ACOMAF shows a slow healing process for Feyre’s trauma, interwoven with Rhysand’s own which is more subtle. One thing I loved about this element of the story was that the healing is slow and not done alone, Feyre has a support network that does it’s best to help her feel comfortable so she can heal, the importance of the support network is often forgotten and it is done so well in book 2 (and into book 3). Secondly, Feyre and Rhysand’s bargain, inked on Feyre’s skin, was excellently done, from busting into the Spring Court to helping Feyre maintain her independence all while keeping the tension and wit growing between the two characters. Thirdly, the larger plot of the new war brewing was complex and full of twists and turns.
The larger plot gives us insight into the the history and complexity of the Faerie world, we get a look at more creatures from our good friend the Suriel, to the Bone Carver, to The Weaver, each one building a bigger more solid picture of how well crafted the world is. We also get our first look at the Night Court, the real one, and Velaris. It is so richly and beautifully described that I desperately want to go there myself.

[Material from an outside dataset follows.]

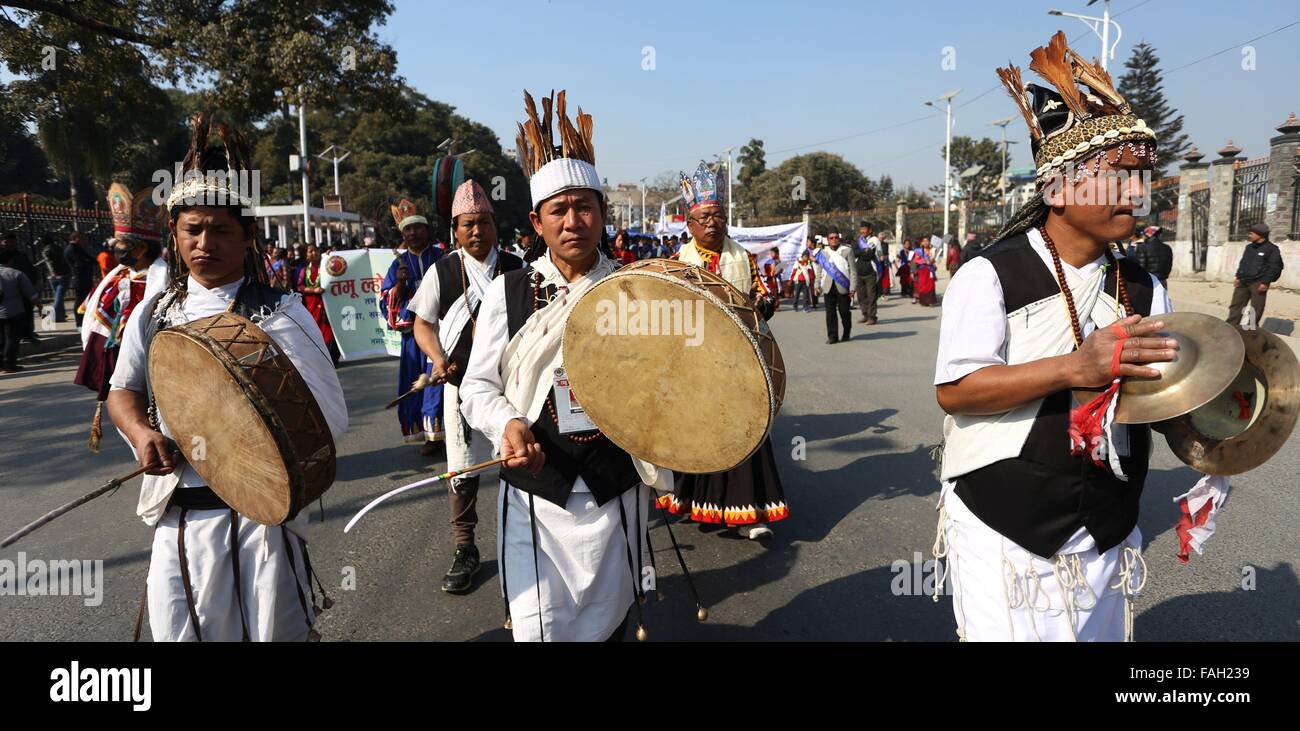 Kathmandu, Nepal. 30th Dec, 2015. People from ethnic Gurung community celebrate the Tamu Losar (New Year) festival in Kathmandu, Nepal, Dec. 30, 2015. Credit:  Sunil Sharma/Xinhua/Alamy Live News Stock Photo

Next, this beautiful second installment gives us the glory that is the Inner Circle. Cas, Azriel, Mor, and Amren are just the best thing ever. From the mocking, competitions, and genuine love they all have for each other it is impossible not to love this bunch. Cas is hilarious and his joking around with Rhysand is incredibly funny and heart-warming, and Azriel is the sweetest spymaster ever, Mor is one of those characters you just live for and Amren is deadly but loyal (I love how she is termed The Tiny Ancient One). This crew is absolutely everything and makes this and book 3 so much better.

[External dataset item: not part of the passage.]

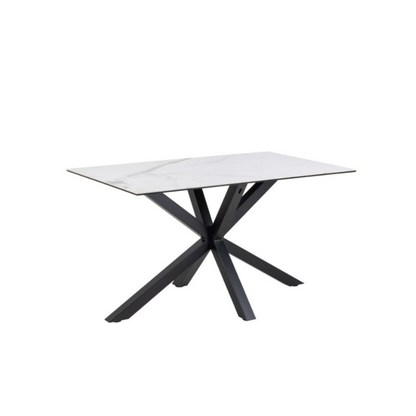 Rectangular table with a white top and black metal legs on a white background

Finally we have the budding of Feysand, and the mating bond! Which, since it allows them to talk with their minds gives us some EXCELLENT scenes. Feysand together is just brilliant, the contrast with Tamlin, the genuine love and support and focus on choices is perfectly done and I love them.
ACOWAR, book 3, dives into the war itself, has Feyre as a spy in the Spring Court, and has Feysand breaking boundaries with our beautfiul High Lady of The Night Court owning the fae. We still get healing, the antics of the Inner circle and the pure love between Feysand, but we have the nitty gritty of another war here, and sacrifices are made. Feyre’s sisters are back in the picture and heartache is back on the table. Overall I loved book 3, which gives us more of what I loved in book 2, and the risks are high – though I liked the happier ending, making this series a great comfort read. Though, while temporary, I do not forgive THAT scene, you did not have to scare our hearts like that.
Feyre wrecking the Spring Court from the inside, and the wider war was really tense and shocking to watch play out and the resolution really ended Feysand’s story perfectly.
ACOFAS was a sweet novella, I liked seeing the normality of their lives and the sweetness of Feysand, it was an ok read, cute and heartwarming.
Overall, this is a great series with a phenomenal world, unique takes on the fae, excellent characters and realistic relationships. While not perfect it is a series I now love and is the perfect comfort read that will warm you heart everytime Rhysand mutters ‘Feyre, Darling‘.